Vous allez présenter le programme de « Champions nationaux aux chefs d’entreprises » à cette occasion. De quoi s’agit-il ?
L'ambition d’un chef d’entreprise, c’est d’être toujours le meilleur dans son secteur. Ce n’est pas l’Etat qui décrète que quelqu’un est champion. C’est un constat de la nation. Il n’y pas de diplôme en la matière. L’esprit du champion, c’est celui, qui dans son environnement, est leader pour créer la richesse, l’intelligence et surtout partager et aspirer vers lui ceux qui ont la volonté et l’ambition. C’est cela le champion. Mais tout cela ne peut être réalisé que dans un cadre propice au développement de l’entreprise nationale. La création du cadre et l’attention particulière que l’Etat portera au sujet fera ou non le succès de cette politique de création de champions nationaux. La CGECI salue la volonté politique de notre pays de construire et/ou accompagner ces champions comme cela s’est fait dans divers pays de tous les continents.

Un appel à la jeunesse, aux jeunes entrepreneurs et au secteur privé ivoirien…

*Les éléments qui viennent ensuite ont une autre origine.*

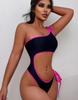 Women's Swimsuits Black One-shoulder Drawstring Side Tied Swimsuit Bikini Beachwear Bathing Suits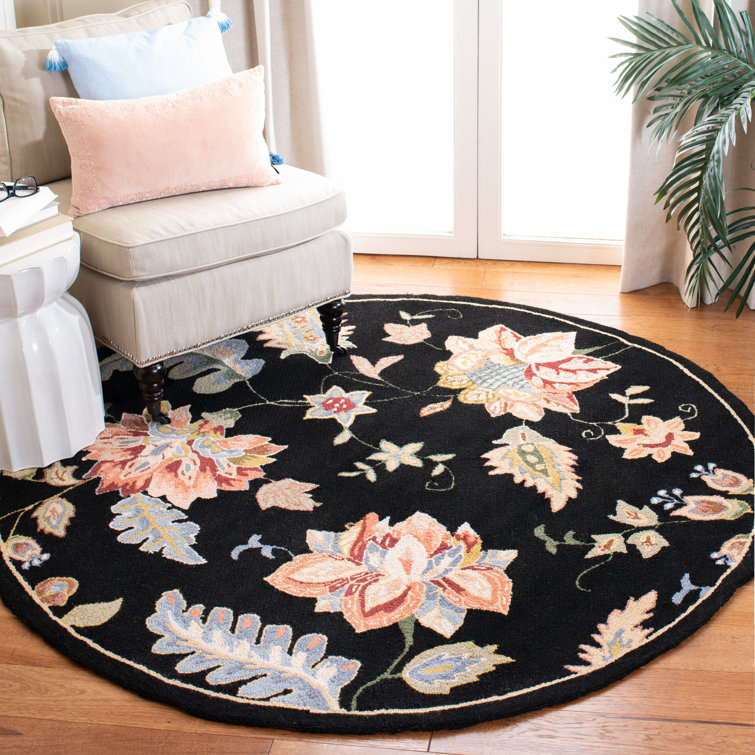 Handmade Chelsea Floral Black Wool Round Rug - 3' Diameter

Cette rencontre est un évènement important dans la vie économique de la Côte d’Ivoire. C’est un évènement national. Je le rappelle aux chefs d’entreprises, le plus grand business, c’est le carnet d’adresse. C’est une occasion pour eux de venir prendre part à cet évènement. Il y a du networking (Ndrl : réseautage) pour côtoyer des personnes de notre environnement qu’ils n’ont pas l’habitude de voir. Nous demandons aux chefs d’entreprises de venir dans un grand écosystème pour enrichir leur carnet d’adresse. Ce sera une occasion d’échanger et de partager les expériences avec d’autres leaders comme eux. Cela leur offrira beaucoup plus d’opportunités. C’est également une occasion pour les responsables d’entreprises d’avoir l’humilité de savoir qu’on ne connaît pas tout et qu’on peut apprendre avec les autres. Il y a toujours un petit peu qu’on ne sait pas et c’est dans le partage qu’on s’enrichit. Aux jeunes, il faut reconnaître que la vie économique et sociale devient de plus en plus difficile. L’emploi devient de plus en plus rare car notre environnement n’en crée pas assez. Les jeunes sont tellement intelligents, ont tellement d’initiatives, que je ne doute pas un seul instant qu’ils peuvent créer des emplois pour occuper des personnes autour d’eux. Rein n’empêche les jeunes de devenir leaders. Venez prendre des modèles, venez avoir de l’ambition et vous convaincre que le rêve et sa réalisation sont à la portée de tous. C’est en étant tous sûr que tous nos rêves sont dans le domaine du possible que nous développerons notre pays.